:: Available data ::

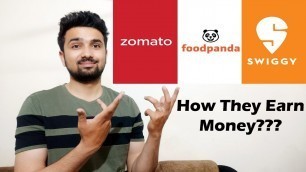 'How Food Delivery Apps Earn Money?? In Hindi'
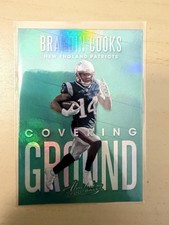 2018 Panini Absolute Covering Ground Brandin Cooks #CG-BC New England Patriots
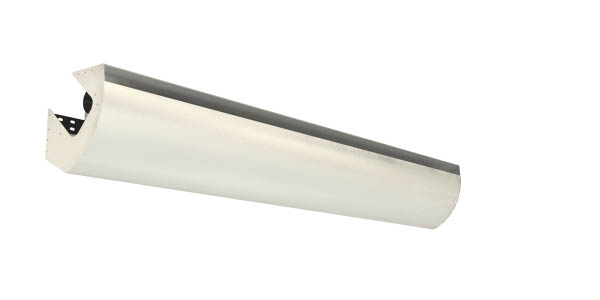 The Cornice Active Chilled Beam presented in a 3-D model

:::

Locate "2018 Panini Absolute" in the listing above, then print exactly the lines from that line through the final one, omitting all pictures.

Answer to this task –
 2018 Panini Absolute Covering Ground Brandin Cooks #CG-BC New England Patriots
 The Cornice Active Chilled Beam presented in a 3-D model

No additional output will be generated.